I'd like to propose changing the order of the SimplifyCFG and SROA passes run. There are optimizations in SimplifyCFG that are enabled by SROA. Presently, SimplifyCFG is run before and after SROA, but some less advantageous SimplifyCFG transformations can run in the first pass and deny better SimplifyCFG transformations a chance. Changing the order of these two passes will resolve performance bug 27555 (https://llvm.org/bugs/show_bug.cgi?id=27555). I don't know how the ordering of these two passes was decided initially, so I am hoping whether this order was deliberate.

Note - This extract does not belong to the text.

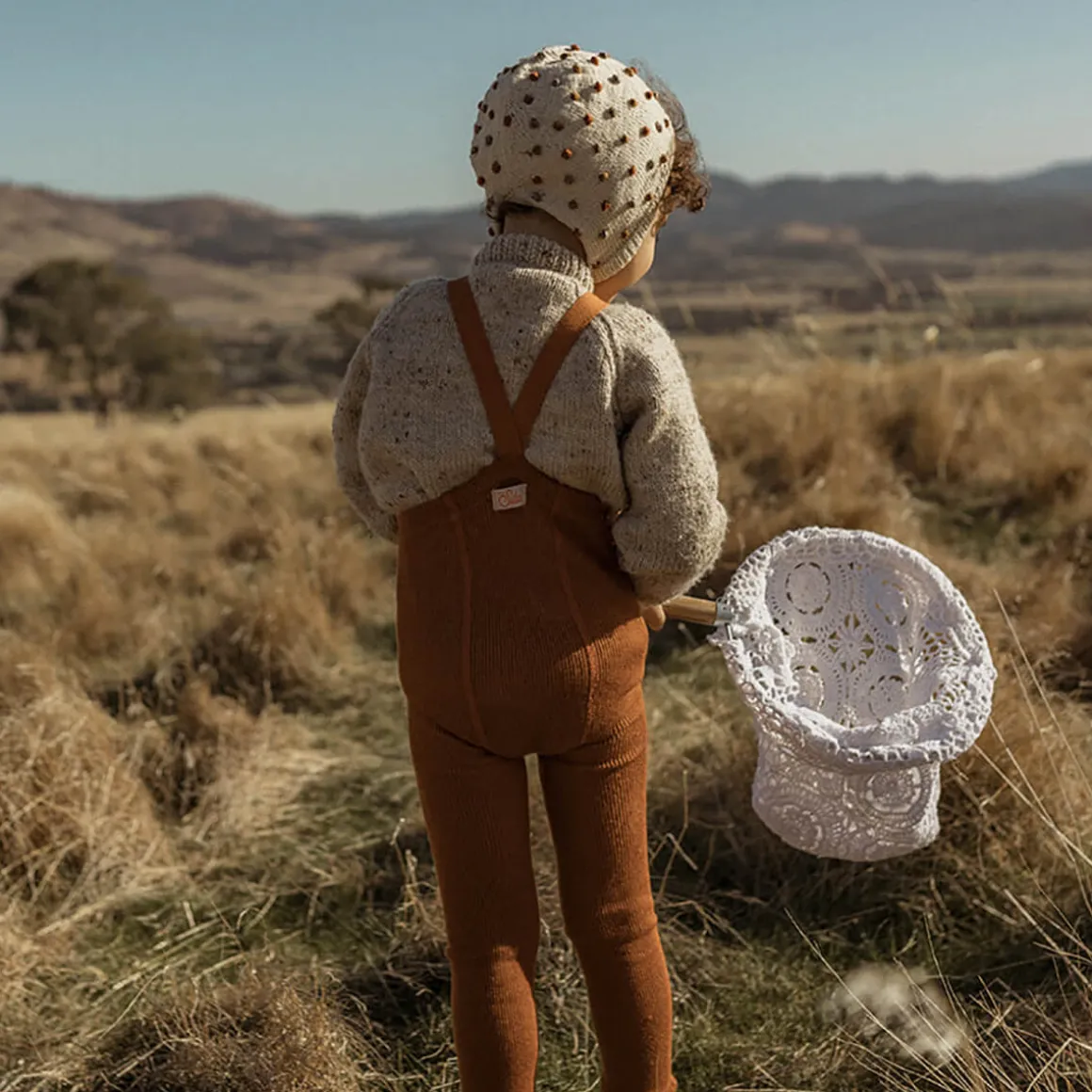 Woolly Footless Tights With Braces in Ginger by Silly Silas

Specifically, there are two functions in SimplifyCFG and deal with long sequences of comparisons: FoldValueComparisonIntoPredecessors and FoldingBranchToCommonDest. These two transformations have overlapping opportunities, but when both are applicable, FoldValueComparisonIntoPredecessors is typically better. Presently, even though FoldValueComparisonIntoPredecessors runs before FoldingBranchToCommonDest, FoldingBranchToCommonDest wins, because FoldValueComparisonIntoPredecessors needs to run after values are promoted to registers, whereas FoldingBranchToCommonDest can run before.
FoldingBranchToCommonDest transforms code that looks like:
if (A) goto LabelX
if (B) goto LabelX
if (C) goto LabelX
if(A || B || C || ...) goto LabelX
where A, B, C, etc are non-side-effecting expressions.
FoldValueComparisonIntoPredecessors transforms code that looks like:
if (x == A) goto LabelX
if (x == B) goto LabelY
if (x == C) goto LabelZ
case A: goto LabelX case B: goto LabelY case C: goto LabelZ ...
where A, B, C, etc are constant values.
In situations where both transformations apply, FoldValueComparisonIntoPredecessors tends to be better, since LLVM can lower the Select more efficiently than the complex boolean expression generated by FoldingBranchToCommonDest.